Father's Day weekend, June 13 - 16, 2013.

Details can be found at http://billhargreavesfishingrodeo.com/


If you're interested in volunteering your boat and time to take some kids fishing, please send your contact information to [email protected] and someone will get back with you.



.


----------



## BananaTom (Feb 16, 2008)

swhiting said:


> Details can be found at http://billhargreavesfishingrodeo.com/
> 
> If you're interested in volunteering your boat and time to take some kids fishing, please send your contact information to [email protected] and someone will get back with you.

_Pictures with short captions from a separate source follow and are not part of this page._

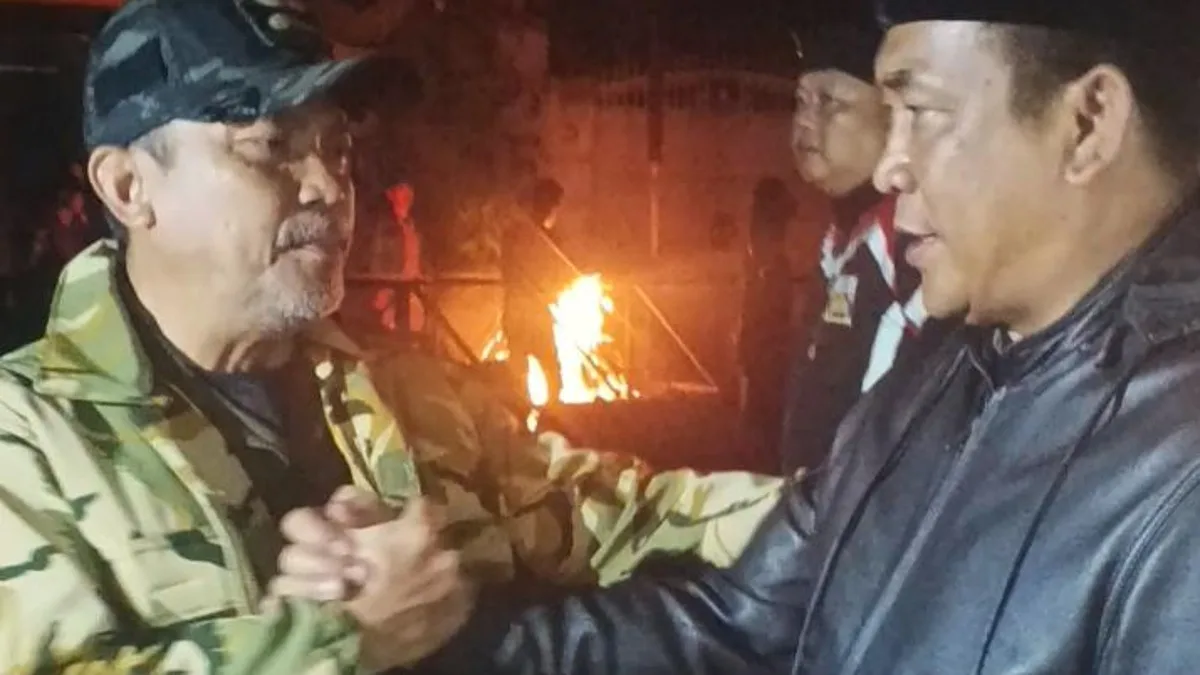 Kasatpol PP Kota Bandung Bambang Sukardi (kiri) dan Pengusaha Reklame dari PT. Sarana, Dadeng (kanan) sedang berbincang di sela pembongkaran reklame bando di Jalan Banceuy, Kota Bandung, Senin, (4/5/2026) malam.
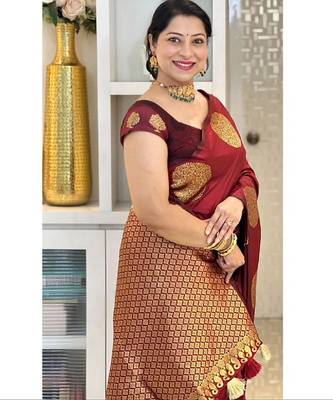 Maroon silk blend banarasi saree with unstitched blouse piece 4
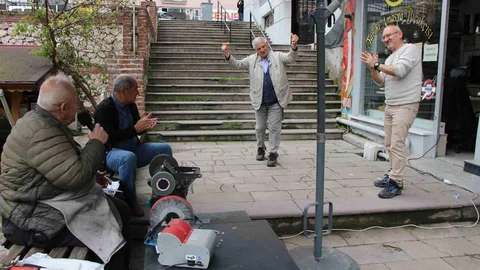 Amasya'da Müzisyen Bıçakçı Eğlendiriyor
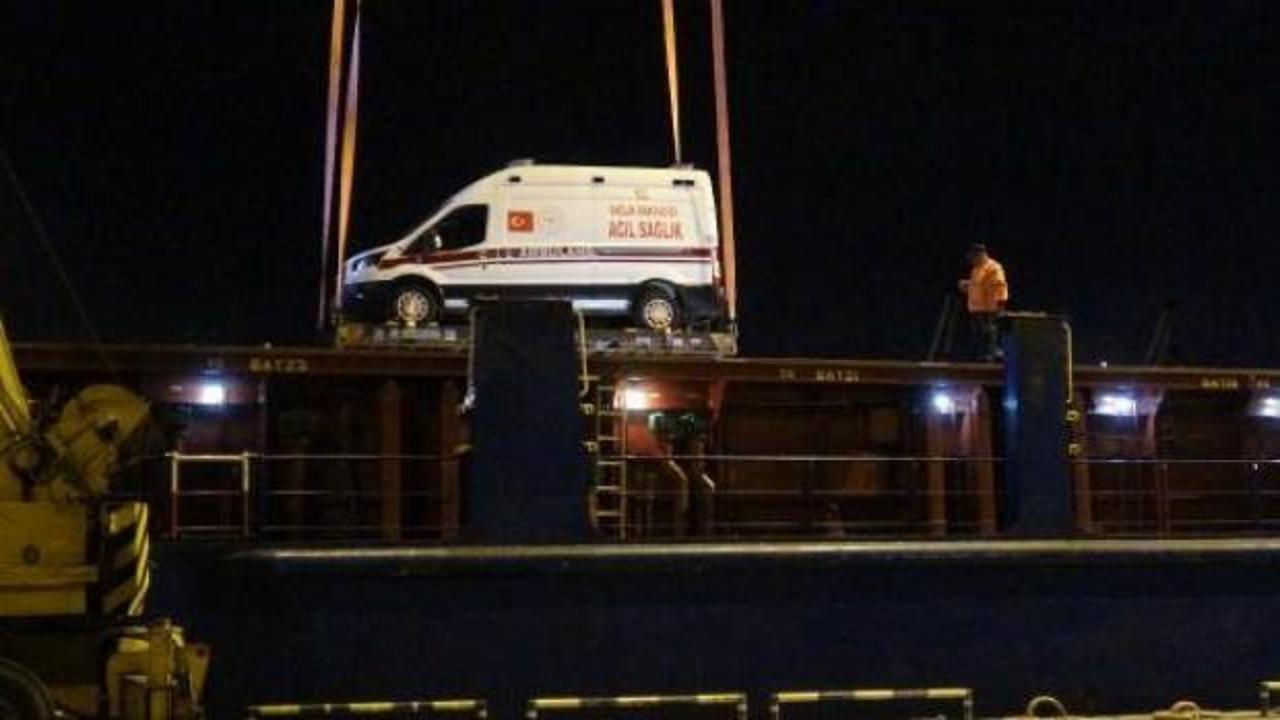 Gazze'ye yardım için hazırlanan sağlık gemisi yola çıktı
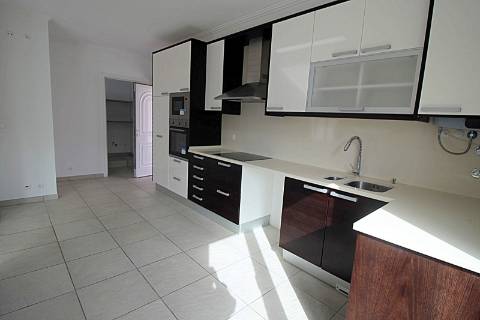 Moradia T3 +1 Usada na Ericeira com excelente vista de mar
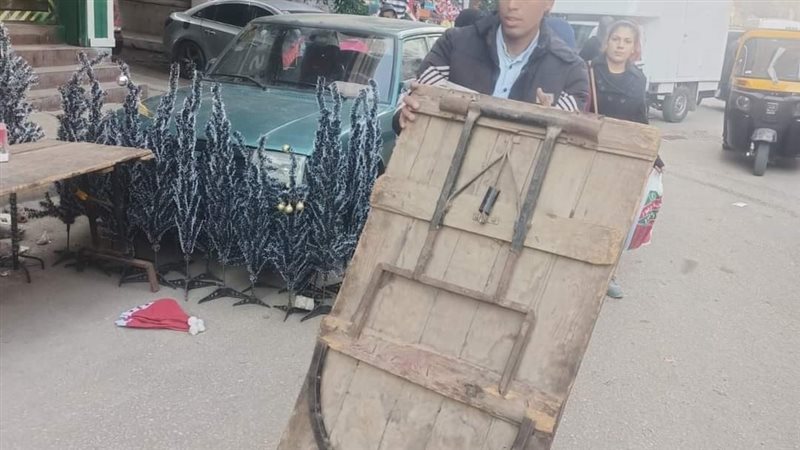 إزالة محل ملابس مخالف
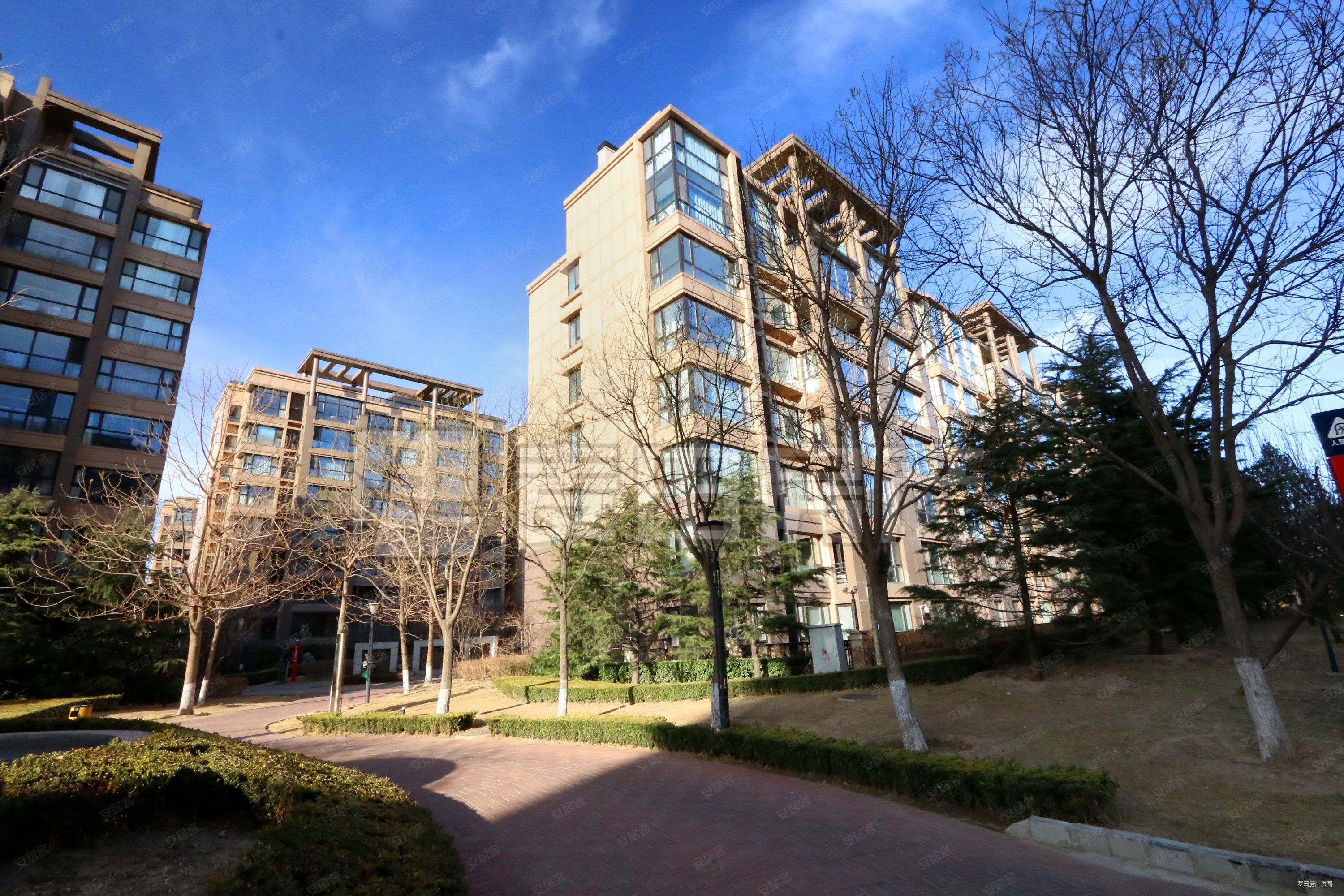 双花园南北通透4室2厅御翠尚府精装修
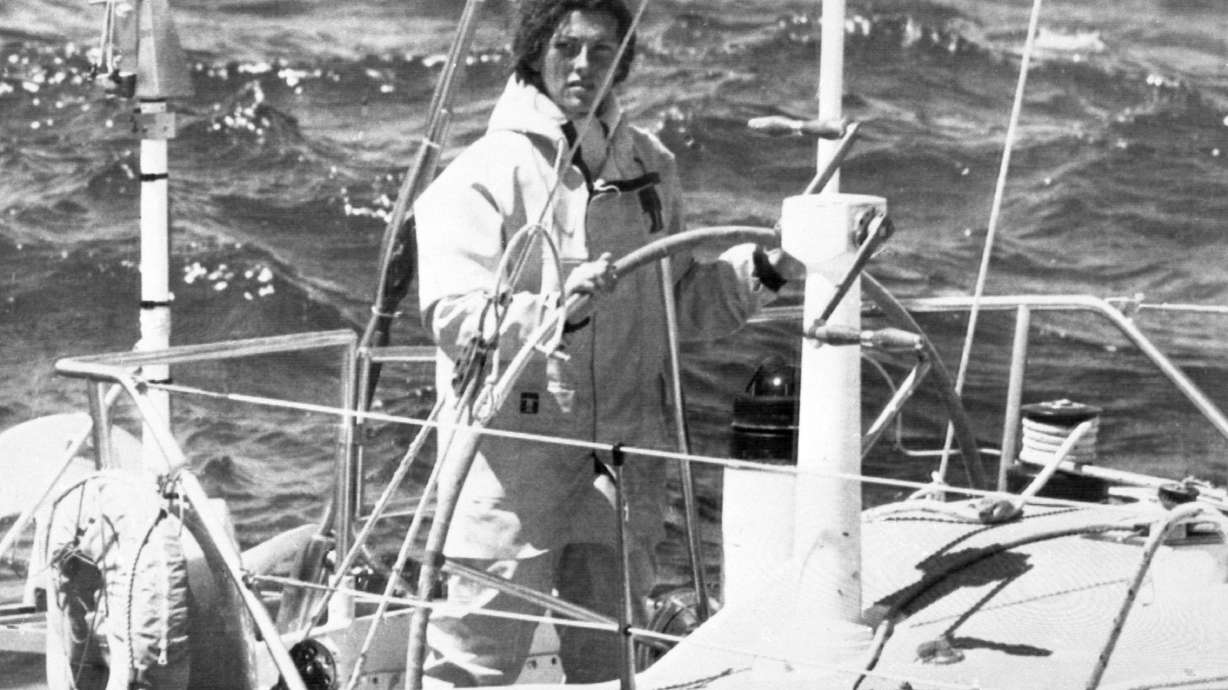 Sporting world pays tribute to sports stars killed in crash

*This is such a FUN thing to do!!*

*I was Blessed once to be able to take a boat load of Girl Anglers out for this event.*

*They made me a beautiful video of their day onboard the Playin' House.*

*Everytime I run across one of the parents today, I get a huge ((((hug)))).*

*Make a difference in a kids life and consider something you have never done before.*

*Change a kids life by simply fishing.*

*Awesome Event!!!*


----------



## swhiting (Oct 4, 2007)

Tickets are being distributed today.

http://billhargreavesfishingrodeo.com/details.html





..


----------



## reelndrag (Feb 20, 2013)

this looks to be an awesome event!


----------



## swhiting (Oct 4, 2007)

9 days and counting.....

Tickets are being sold online this year:
http://billhargreavesfishingrodeo.com/


----------



## 24ft fishmaster (Apr 26, 2012)

Looking forward to me and my 7 year-old first rodeo just for the experience!


----------



## Mullethead (Oct 4, 2007)

Always enjoy this one... encourage folks to help with the volunteer to take kids fishing program ... take this opportunity to do what you love and make kids happy... its win win!!!


----------



## #1hookup (Aug 20, 2008)

When is the last day we can register for the rodeo? My son and I want to fish but I get paid on Thursday and the captains meeting is that night?


----------



## swhiting (Oct 4, 2007)

You can buy tickets Thursday. They will be on sale at the captain's meeting.


----------



## oldflathead (Oct 3, 2007)

Bump BTT
Please do not miss this opportunity to turn some young folks onto FISHING!
Volunteer


----------



## 24ft fishmaster (Apr 26, 2012)

Were and what time is capt meeting tomorrow


----------



## swhiting (Oct 4, 2007)

Grand lagoon yacht club, Thursday 6:00


----------



## 24ft fishmaster (Apr 26, 2012)

Thank you heading over to the website now!


----------



## Caddy Yakker (May 21, 2011)

I just purchased my ticket online. Is the captains meeting manditory? I live in Navarre and its quite a drive and would rather not.


----------



## Cobiacatcher (Sep 30, 2007)

No the captains meeting is not you just gotta have a ticket when you weigh in your fish


----------



## Caddy Yakker (May 21, 2011)

Cobiacatcher said:


> No the captains meeting is not you just gotta have a ticket when you weigh in your fish


Ok cool. I did not get a ticket to print out but I have a paypal verification on my phone that I paid....hope that will do?


----------



## Caddy Yakker (May 21, 2011)

See you guys at the weigh in


----------



## oldflathead (Oct 3, 2007)

Since we cannot take any kids fishing this year, we sponsored one 14 year old. Only $35 to sponsor someone who needs to learn to fish. It's not too late.


----------



## 24ft fishmaster (Apr 26, 2012)

When is the 2014 schedule coming wanting to make sure to be off work . Had awesome time last year with my son ?


----------



## swhiting (Oct 4, 2007)

This tournament is always Father's Day weekend.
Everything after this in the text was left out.